__Exercise__
Make an exact copy of the entries below and leave any picture out of it.

__Extracted entries__
* * * *
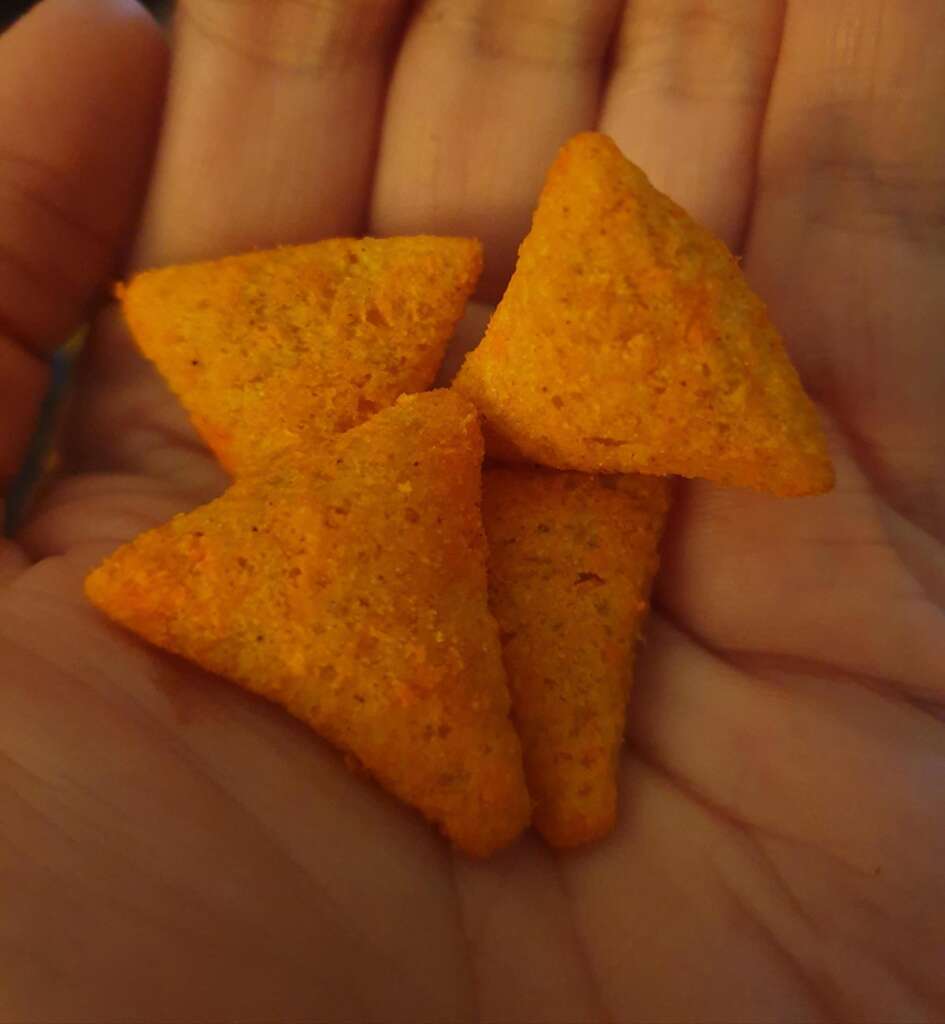 Four Dorito 3ds; triangular, orange corn chips with a textured surface rest on an open palm.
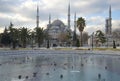 View of the frozen city fountain and the Blue mosque on a winter day. Istanbul Royalty Free Stock Photo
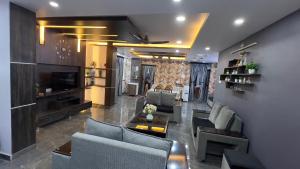 a large living room with couches and a television at Khaleel Manzil Luxe Stays in Hyderabad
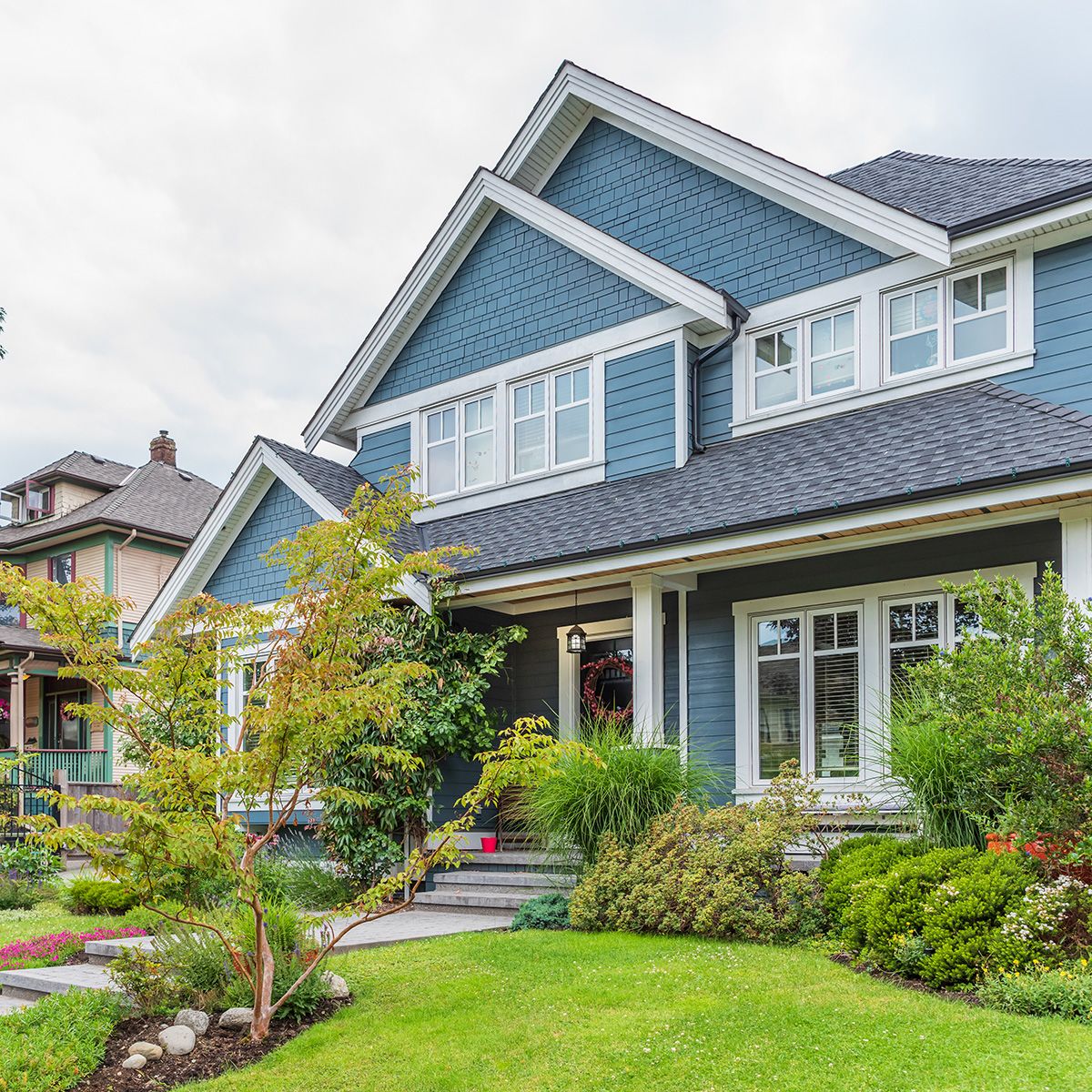 Blue house with green landscaping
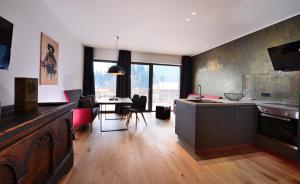 cocina y sala de estar con mesa y sillas en Antonius Natur Apartment - kinderfreie Unterkunft en Lavant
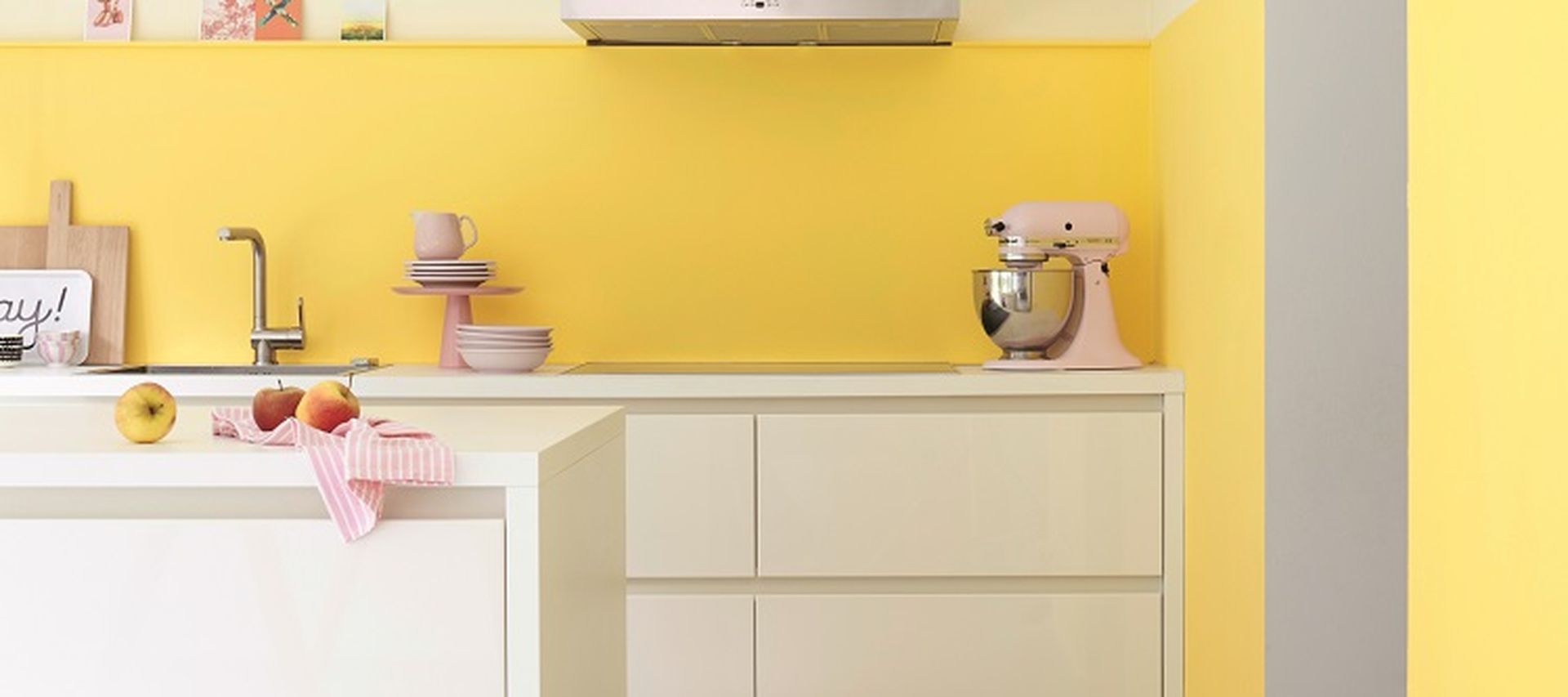 Moderne Küche mit weißer Kücheninsel, gelber Wandgestaltung und klaren Linien in hellem, freundlichem Design.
* * * *
__The answer__
 Four Dorito 3ds; triangular, orange corn chips with a textured surface rest on an open palm.
 View of the frozen city fountain and the Blue mosque on a winter day. Istanbul Royalty Free Stock Photo
 a large living room with couches and a television at Khaleel Manzil Luxe Stays in Hyderabad
 Blue house with green landscaping
 cocina y sala de estar con mesa y sillas en Antonius Natur Apartment - kinderfreie Unterkunft en Lavant
 Moderne Küche mit weißer Kücheninsel, gelber Wandgestaltung und klaren Linien in hellem, freundlichem Design.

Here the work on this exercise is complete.